Taylor Wimpey announced a record operating profit margin of
more than 20 per cent yesterday as it sold more homes at higher prices. Pre-tax
profits at Britain’s biggest housebuilder Barratt Homes have also jumped 40 per
cent in the past six months to nearly £300m.
The housing minister, Brandon Lewis, said, “Housebuilders
will talk about saturating the market. But we are aware that in too many places
we are still taking 20 weeks to build a house when we can do it in three or
four.”
Clive Betts, the Labour chairman of the Local Government
Select Committee, said: “I think it is
clear that the big developers are building at a rate to maximise their profits
rather than addressing the country’s housing need.” Mr Betts added that some developments that have
had planning permission were not due to be completed for another 10 years. “These
are private companies who are very simply trying to make money for their
shareholders. They are restricting supply and the Government urgently needs to
come forward with measures to address this.”

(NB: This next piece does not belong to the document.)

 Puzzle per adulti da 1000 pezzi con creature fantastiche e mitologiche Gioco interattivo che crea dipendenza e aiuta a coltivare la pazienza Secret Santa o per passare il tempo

Peter Box, the LGA’s housing spokesman, said the figures
“conclusively proved” that the planning system was not a barrier to house
building. “To tackle the new homes backlog and to get Britain building again,
councils must have the power to force developers to build homes more quickly,”
he said.
A spokesman for the campaign group Generation Rent added:
“These are businesses out to maximise their profits so it makes sense for them
to limit the supply of housing that is being built. But it shows that you
cannot rely on them to fix the housing crisis.”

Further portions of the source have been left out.